Following gpu-operator documentation will break RKE2 cluster after reboot

aiicore commented 2 months ago

RKE2 docs says only about passing the config for RKE2's internal CONTAINERD_SOCKET: https://docs.rke2.io/advanced?_highlight=gpu#deploy-nvidia-operator

Nvidia's also about CONTAINERD_CONFIG: https://docs.nvidia.com/datacenter/cloud-native/gpu-operator/latest/getting-started.html#rancher-kubernetes-engine-2

Following gpu-operator documentation, those things will happen:

gpu-operator will write containerd config into /var/lib/rancher/rke2/agent/etc/containerd/config.toml.tmpl
rke2 will pick it up as a template and make dedicated contained config: /var/lib/rancher/rke2/agent/etc/containerd/config.toml
cluster will not get up after reboot, since the config provided by gpu-operator does not work with rke2

The most significant errors in the logs would be:

Sep 13 14:08:23 rke2 rke2[10318]: time="2024-09-13T14:08:23Z" level=info msg="Pod for etcd not synced (pod sandbox has changed), retrying"
Sep 13 14:08:23 rke2 rke2[10318]: time="2024-09-13T14:08:23Z" level=info msg="Waiting for API server to become available"
Sep 13 14:08:25 rke2 rke2[10318]: time="2024-09-13T14:08:25Z" level=warning msg="Failed to list nodes with etcd role: runtime core not ready"
Sep 13 14:08:25 rke2 rke2[10318]: time="2024-09-13T14:08:25Z" level=info msg="Waiting to retrieve kube-proxy configuration; server is not ready: https://127.0.0.1:9345/v1-rke2/readyz: 500 Internal Server Error"

Following RKE2 docs about passing only CONTAINERD_SOCKET works, since gpu-operator will write it's (not working with rke2 config) into /etc/containerd/config.toml, even though containerd is not installed at the OS level.

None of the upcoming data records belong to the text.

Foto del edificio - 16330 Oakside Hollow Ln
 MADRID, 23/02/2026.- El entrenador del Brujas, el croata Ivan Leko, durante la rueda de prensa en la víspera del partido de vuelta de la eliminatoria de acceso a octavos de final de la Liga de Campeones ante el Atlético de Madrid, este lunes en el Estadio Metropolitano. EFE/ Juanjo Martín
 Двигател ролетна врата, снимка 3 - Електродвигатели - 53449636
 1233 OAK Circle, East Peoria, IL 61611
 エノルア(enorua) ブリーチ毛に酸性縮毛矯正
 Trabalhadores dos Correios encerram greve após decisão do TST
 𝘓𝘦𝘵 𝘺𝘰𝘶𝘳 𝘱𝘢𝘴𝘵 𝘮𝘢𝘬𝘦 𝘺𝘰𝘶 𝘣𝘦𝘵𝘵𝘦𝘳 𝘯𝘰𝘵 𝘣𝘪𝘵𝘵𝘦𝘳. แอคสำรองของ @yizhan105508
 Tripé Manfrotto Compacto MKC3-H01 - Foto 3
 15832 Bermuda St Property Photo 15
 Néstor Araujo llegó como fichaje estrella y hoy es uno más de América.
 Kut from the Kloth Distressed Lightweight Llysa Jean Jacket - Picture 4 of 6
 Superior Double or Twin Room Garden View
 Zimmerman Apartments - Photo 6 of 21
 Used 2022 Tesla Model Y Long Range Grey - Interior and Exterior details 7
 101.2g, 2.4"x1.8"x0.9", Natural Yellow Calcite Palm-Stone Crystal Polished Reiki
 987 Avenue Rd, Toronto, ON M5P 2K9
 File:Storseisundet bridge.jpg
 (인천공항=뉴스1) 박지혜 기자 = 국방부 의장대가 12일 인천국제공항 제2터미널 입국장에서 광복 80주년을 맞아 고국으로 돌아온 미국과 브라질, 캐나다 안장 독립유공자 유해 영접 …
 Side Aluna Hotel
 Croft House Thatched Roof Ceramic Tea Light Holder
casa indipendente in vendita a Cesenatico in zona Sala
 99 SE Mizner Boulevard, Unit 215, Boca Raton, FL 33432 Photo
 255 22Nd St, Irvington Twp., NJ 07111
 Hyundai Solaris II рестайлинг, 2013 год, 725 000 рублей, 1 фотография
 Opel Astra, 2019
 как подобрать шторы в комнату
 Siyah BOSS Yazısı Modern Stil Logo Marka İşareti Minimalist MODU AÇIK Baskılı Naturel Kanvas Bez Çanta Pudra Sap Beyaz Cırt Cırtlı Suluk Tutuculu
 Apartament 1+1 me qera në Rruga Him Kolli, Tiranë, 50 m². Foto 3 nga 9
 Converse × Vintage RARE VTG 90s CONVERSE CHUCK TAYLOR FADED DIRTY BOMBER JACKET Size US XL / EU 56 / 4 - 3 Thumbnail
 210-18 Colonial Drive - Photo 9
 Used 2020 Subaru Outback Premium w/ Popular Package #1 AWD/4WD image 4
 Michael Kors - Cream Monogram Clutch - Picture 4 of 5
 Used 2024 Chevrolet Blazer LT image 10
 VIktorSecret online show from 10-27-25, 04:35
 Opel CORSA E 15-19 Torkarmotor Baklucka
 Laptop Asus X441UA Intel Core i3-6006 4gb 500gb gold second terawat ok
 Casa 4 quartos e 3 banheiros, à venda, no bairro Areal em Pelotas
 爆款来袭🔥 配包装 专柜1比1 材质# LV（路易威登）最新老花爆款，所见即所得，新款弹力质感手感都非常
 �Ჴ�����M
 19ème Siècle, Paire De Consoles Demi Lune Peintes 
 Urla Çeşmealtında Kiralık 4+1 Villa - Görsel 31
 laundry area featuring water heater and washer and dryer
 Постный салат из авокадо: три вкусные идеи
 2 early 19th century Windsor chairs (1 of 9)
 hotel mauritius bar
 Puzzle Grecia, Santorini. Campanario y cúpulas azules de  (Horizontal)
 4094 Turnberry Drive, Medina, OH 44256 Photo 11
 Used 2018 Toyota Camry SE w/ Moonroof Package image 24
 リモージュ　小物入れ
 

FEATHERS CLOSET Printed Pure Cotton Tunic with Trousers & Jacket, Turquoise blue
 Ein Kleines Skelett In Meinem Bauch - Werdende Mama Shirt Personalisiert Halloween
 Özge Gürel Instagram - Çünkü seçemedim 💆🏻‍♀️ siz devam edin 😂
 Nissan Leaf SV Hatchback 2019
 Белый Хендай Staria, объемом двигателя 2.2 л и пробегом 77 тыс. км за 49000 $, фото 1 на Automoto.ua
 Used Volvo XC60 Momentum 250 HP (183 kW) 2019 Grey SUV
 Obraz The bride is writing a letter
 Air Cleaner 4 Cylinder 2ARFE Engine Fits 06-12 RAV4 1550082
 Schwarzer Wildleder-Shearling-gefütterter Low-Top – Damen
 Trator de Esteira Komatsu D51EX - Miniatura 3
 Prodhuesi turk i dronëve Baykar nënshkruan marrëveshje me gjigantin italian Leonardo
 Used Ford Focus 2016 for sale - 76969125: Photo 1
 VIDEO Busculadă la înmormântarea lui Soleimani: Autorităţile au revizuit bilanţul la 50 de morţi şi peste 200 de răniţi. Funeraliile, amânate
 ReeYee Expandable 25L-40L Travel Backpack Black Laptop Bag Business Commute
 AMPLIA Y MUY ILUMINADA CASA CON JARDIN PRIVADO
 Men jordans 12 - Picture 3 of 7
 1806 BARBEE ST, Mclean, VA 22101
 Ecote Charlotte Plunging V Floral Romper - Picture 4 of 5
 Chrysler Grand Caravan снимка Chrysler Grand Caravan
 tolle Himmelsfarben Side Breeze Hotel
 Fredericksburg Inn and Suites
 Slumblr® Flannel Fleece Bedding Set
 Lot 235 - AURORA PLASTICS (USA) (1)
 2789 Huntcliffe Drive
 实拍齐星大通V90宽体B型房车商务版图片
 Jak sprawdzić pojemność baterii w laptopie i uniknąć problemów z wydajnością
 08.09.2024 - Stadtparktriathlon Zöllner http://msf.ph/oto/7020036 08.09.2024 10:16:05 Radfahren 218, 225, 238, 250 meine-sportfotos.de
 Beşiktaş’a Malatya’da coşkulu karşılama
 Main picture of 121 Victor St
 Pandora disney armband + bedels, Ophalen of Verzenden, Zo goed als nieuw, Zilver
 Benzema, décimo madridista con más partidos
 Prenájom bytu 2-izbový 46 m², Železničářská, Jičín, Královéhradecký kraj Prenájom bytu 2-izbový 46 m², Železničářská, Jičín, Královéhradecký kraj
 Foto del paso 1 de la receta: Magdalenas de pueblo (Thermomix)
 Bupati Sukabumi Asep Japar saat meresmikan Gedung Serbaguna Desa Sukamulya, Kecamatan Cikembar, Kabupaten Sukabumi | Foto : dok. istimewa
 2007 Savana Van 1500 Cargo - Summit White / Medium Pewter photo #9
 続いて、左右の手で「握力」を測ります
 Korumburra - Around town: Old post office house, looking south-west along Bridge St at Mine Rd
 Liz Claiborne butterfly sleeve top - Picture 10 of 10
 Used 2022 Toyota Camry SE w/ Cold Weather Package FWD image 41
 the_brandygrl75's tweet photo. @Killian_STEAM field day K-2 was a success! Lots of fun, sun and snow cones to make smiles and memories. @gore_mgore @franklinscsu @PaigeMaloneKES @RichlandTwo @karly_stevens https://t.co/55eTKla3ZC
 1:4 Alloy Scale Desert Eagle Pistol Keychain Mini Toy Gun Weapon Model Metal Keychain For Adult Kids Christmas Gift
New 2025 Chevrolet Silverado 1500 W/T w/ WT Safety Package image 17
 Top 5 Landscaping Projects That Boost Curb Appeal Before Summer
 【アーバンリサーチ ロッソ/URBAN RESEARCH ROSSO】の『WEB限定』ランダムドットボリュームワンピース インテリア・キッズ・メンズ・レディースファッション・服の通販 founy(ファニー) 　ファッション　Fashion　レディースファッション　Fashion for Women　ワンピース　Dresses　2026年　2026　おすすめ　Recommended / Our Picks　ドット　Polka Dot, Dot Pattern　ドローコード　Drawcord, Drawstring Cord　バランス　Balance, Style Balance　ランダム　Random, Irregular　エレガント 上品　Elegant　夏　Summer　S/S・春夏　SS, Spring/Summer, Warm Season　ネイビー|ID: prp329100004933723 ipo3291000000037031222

root@rke2:~# apt list --installed | grep containerd

WARNING: apt does not have a stable CLI interface. Use with caution in scripts.

root@rke2:~#

Looks like the containerd config, provided by gpu-operator with RKE2, doesn't matter since RKE2 is able to detect nvidia-container-runtime and configure it's own containerd conifg with nvidia runtime class:

[plugins."io.containerd.grpc.v1.cri".containerd.runtimes."nvidia"]
  runtime_type = "io.containerd.runc.v2"
[plugins."io.containerd.grpc.v1.cri".containerd.runtimes."nvidia".options]
  BinaryName = "/usr/local/nvidia/toolkit/nvidia-container-runtime"
  SystemdCgroup = true

Steps to reproduce on Ubuntu 22.04:

Following Nvidia's docs breaks RKE2 cluster after reboot:

helm install gpu-operator -n gpu-operator --create-namespace \
  nvidia/gpu-operator \
    --set toolkit.env[0].name=CONTAINERD_CONFIG \
    --set toolkit.env[0].value=/var/lib/rancher/rke2/agent/etc/containerd/config.toml.tmpl \
    --set toolkit.env[1].name=CONTAINERD_SOCKET \
    --set toolkit.env[1].value=/run/k3s/containerd/containerd.sock \
    --set toolkit.env[2].name=CONTAINERD_RUNTIME_CLASS \
    --set toolkit.env[2].value=nvidia \
    --set toolkit.env[3].name=CONTAINERD_SET_AS_DEFAULT \
    --set-string toolkit.env[3].value=true

Following RKE2's docs works fine:

helm install gpu-operator -n gpu-operator --create-namespace \
  nvidia/gpu-operator \
    --set toolkit.env[0].name=CONTAINERD_SOCKET \
    --set toolkit.env[0].value=/run/k3s/containerd/containerd.sock

Could someone verify the docs?

mikemckiernan commented 2 months ago

Anyone on the NVIDIA team object to replacing our sample command with a reference to the RKE2 docs? That's my preference.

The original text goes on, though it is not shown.